→ **RAW DATA**
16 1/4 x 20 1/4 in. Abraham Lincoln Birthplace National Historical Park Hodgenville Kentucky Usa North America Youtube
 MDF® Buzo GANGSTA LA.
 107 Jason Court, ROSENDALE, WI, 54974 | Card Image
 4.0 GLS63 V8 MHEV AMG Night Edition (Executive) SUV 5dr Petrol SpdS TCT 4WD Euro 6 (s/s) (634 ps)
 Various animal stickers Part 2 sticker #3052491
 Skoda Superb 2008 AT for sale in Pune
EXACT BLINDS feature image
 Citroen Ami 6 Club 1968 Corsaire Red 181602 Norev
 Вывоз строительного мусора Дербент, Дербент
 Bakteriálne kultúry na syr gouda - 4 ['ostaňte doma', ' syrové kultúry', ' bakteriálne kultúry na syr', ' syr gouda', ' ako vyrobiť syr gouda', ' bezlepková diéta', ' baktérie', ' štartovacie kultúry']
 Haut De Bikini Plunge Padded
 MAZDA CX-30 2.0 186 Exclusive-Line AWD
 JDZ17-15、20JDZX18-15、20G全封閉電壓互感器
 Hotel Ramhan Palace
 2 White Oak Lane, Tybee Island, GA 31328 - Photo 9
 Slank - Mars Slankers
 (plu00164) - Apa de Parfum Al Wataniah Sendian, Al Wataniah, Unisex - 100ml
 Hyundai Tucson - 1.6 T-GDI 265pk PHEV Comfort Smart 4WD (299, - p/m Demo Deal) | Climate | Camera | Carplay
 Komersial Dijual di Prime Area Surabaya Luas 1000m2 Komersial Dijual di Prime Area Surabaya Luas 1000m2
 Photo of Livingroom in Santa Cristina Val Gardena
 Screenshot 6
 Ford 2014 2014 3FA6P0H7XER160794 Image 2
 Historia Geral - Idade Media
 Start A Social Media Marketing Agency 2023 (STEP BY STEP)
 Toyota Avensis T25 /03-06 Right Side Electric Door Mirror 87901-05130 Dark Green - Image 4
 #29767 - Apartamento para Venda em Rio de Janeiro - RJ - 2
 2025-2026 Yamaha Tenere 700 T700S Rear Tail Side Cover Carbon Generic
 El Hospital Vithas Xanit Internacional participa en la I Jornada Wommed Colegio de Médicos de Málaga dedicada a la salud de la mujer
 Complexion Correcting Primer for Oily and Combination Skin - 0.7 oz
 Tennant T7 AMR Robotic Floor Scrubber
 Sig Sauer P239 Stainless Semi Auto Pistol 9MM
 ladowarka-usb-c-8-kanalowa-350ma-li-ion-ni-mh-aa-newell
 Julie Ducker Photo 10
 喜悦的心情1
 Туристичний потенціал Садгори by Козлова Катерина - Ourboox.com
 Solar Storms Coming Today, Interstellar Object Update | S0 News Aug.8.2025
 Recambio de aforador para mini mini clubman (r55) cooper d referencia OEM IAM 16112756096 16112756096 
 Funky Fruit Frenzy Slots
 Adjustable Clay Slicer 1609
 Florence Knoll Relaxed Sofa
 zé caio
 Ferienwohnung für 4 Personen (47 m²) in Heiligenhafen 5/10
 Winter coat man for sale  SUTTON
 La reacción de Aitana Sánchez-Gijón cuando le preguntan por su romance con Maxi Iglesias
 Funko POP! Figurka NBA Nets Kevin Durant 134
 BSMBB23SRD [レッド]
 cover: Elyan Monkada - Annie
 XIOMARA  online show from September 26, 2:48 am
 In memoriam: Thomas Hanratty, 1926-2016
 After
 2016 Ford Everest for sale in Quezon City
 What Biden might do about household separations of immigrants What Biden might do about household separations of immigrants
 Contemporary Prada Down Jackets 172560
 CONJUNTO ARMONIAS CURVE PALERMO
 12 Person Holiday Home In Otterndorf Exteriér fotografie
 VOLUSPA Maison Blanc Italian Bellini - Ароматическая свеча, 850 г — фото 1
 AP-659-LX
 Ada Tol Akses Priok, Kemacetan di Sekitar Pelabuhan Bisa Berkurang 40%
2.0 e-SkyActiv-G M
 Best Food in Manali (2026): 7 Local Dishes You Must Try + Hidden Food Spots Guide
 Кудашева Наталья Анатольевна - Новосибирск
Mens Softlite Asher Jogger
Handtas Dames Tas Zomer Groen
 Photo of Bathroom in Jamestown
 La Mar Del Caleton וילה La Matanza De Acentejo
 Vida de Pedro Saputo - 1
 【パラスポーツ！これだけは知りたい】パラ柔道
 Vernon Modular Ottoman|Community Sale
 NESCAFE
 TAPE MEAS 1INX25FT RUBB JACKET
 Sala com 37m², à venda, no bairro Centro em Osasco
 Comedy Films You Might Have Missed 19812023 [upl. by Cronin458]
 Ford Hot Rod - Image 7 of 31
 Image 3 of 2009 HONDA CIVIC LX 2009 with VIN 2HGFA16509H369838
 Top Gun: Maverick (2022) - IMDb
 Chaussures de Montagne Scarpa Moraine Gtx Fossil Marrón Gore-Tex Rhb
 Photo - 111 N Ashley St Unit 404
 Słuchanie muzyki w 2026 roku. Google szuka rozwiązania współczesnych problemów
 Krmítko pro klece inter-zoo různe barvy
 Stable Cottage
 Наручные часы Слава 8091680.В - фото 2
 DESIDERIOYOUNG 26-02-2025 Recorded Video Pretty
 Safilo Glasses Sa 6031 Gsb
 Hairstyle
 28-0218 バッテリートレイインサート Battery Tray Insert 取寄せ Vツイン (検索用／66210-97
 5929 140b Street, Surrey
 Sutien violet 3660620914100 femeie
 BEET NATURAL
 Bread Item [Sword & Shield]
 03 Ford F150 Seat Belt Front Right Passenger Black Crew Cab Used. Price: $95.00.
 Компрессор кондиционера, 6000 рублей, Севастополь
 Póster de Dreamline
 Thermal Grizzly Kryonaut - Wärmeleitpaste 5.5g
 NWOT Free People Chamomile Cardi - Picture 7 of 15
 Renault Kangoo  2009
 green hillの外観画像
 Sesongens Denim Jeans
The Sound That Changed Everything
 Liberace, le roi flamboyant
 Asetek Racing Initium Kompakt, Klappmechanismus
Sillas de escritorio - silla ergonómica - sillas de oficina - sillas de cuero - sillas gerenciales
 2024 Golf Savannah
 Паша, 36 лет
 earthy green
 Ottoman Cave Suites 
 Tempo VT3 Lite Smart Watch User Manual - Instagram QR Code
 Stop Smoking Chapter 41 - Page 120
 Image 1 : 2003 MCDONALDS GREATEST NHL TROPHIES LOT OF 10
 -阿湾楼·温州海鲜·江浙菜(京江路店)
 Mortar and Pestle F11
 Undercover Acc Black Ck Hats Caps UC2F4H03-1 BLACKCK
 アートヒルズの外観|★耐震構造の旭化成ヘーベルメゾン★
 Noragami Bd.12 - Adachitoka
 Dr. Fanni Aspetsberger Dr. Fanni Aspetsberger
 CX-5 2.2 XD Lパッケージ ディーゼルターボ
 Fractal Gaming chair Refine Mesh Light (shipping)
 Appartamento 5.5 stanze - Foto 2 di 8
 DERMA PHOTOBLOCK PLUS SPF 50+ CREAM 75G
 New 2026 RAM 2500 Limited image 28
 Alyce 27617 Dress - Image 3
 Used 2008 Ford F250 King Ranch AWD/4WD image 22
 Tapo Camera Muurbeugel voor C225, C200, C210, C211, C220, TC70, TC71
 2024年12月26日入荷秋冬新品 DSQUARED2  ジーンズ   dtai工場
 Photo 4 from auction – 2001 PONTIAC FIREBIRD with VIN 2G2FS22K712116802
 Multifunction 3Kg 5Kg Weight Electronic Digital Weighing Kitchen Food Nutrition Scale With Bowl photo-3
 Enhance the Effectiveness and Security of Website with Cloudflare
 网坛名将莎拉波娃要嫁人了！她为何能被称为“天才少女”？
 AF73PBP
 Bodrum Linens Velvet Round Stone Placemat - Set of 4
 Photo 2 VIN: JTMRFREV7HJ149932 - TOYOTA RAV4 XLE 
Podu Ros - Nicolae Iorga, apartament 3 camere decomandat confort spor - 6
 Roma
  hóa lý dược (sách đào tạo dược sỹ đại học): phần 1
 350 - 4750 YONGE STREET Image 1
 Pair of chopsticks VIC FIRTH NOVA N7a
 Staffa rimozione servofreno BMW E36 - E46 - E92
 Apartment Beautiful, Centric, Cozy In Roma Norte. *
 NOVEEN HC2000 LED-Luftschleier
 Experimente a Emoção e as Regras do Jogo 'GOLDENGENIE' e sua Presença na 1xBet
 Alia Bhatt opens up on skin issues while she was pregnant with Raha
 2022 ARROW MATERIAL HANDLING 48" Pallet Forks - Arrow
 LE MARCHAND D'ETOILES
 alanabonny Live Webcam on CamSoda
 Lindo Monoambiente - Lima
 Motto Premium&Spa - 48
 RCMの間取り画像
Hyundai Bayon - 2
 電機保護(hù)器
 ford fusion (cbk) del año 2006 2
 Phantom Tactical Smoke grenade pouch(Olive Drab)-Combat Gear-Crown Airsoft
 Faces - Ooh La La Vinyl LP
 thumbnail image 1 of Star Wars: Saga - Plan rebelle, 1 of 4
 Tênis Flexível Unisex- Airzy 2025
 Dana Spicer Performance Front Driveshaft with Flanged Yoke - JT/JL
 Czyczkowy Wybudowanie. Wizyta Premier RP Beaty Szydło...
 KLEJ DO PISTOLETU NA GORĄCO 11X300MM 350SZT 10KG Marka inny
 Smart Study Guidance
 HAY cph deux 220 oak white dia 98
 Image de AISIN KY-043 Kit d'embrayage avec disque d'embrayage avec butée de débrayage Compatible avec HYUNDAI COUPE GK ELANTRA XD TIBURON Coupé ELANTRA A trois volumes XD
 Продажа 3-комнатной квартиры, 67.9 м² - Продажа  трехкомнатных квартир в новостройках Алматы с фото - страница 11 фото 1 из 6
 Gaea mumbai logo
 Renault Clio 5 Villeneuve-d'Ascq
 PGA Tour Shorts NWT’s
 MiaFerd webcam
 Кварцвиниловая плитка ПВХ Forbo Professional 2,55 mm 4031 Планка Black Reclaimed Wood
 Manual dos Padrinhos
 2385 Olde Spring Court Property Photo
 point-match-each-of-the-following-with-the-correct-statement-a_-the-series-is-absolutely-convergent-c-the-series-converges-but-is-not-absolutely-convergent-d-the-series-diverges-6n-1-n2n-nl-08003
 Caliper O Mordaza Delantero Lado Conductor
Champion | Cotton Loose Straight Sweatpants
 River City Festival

→ **HOW TO COMPLETE THIS TASK**
Please give back only the lines between the first line of the entries and the line with "2025-2026 Yamaha Tenere", both ends included, word for word.

→ **SOLUTION FOR THIS TASK**
16 1/4 x 20 1/4 in. Abraham Lincoln Birthplace National Historical Park Hodgenville Kentucky Usa North America Youtube
 MDF® Buzo GANGSTA LA.
 107 Jason Court, ROSENDALE, WI, 54974 | Card Image
 4.0 GLS63 V8 MHEV AMG Night Edition (Executive) SUV 5dr Petrol SpdS TCT 4WD Euro 6 (s/s) (634 ps)
 Various animal stickers Part 2 sticker #3052491
 Skoda Superb 2008 AT for sale in Pune
EXACT BLINDS feature image
 Citroen Ami 6 Club 1968 Corsaire Red 181602 Norev
 Вывоз строительного мусора Дербент, Дербент
 Bakteriálne kultúry na syr gouda - 4 ['ostaňte doma', ' syrové kultúry', ' bakteriálne kultúry na syr', ' syr gouda', ' ako vyrobiť syr gouda', ' bezlepková diéta', ' baktérie', ' štartovacie kultúry']
 Haut De Bikini Plunge Padded
 MAZDA CX-30 2.0 186 Exclusive-Line AWD
 JDZ17-15、20JDZX18-15、20G全封閉電壓互感器
 Hotel Ramhan Palace
 2 White Oak Lane, Tybee Island, GA 31328 - Photo 9
 Slank - Mars Slankers
 (plu00164) - Apa de Parfum Al Wataniah Sendian, Al Wataniah, Unisex - 100ml
 Hyundai Tucson - 1.6 T-GDI 265pk PHEV Comfort Smart 4WD (299, - p/m Demo Deal) | Climate | Camera | Carplay
 Komersial Dijual di Prime Area Surabaya Luas 1000m2 Komersial Dijual di Prime Area Surabaya Luas 1000m2
 Photo of Livingroom in Santa Cristina Val Gardena
 Screenshot 6
 Ford 2014 2014 3FA6P0H7XER160794 Image 2
 Historia Geral - Idade Media
 Start A Social Media Marketing Agency 2023 (STEP BY STEP)
 Toyota Avensis T25 /03-06 Right Side Electric Door Mirror 87901-05130 Dark Green - Image 4
 #29767 - Apartamento para Venda em Rio de Janeiro - RJ - 2
 2025-2026 Yamaha Tenere 700 T700S Rear Tail Side Cover Carbon Generic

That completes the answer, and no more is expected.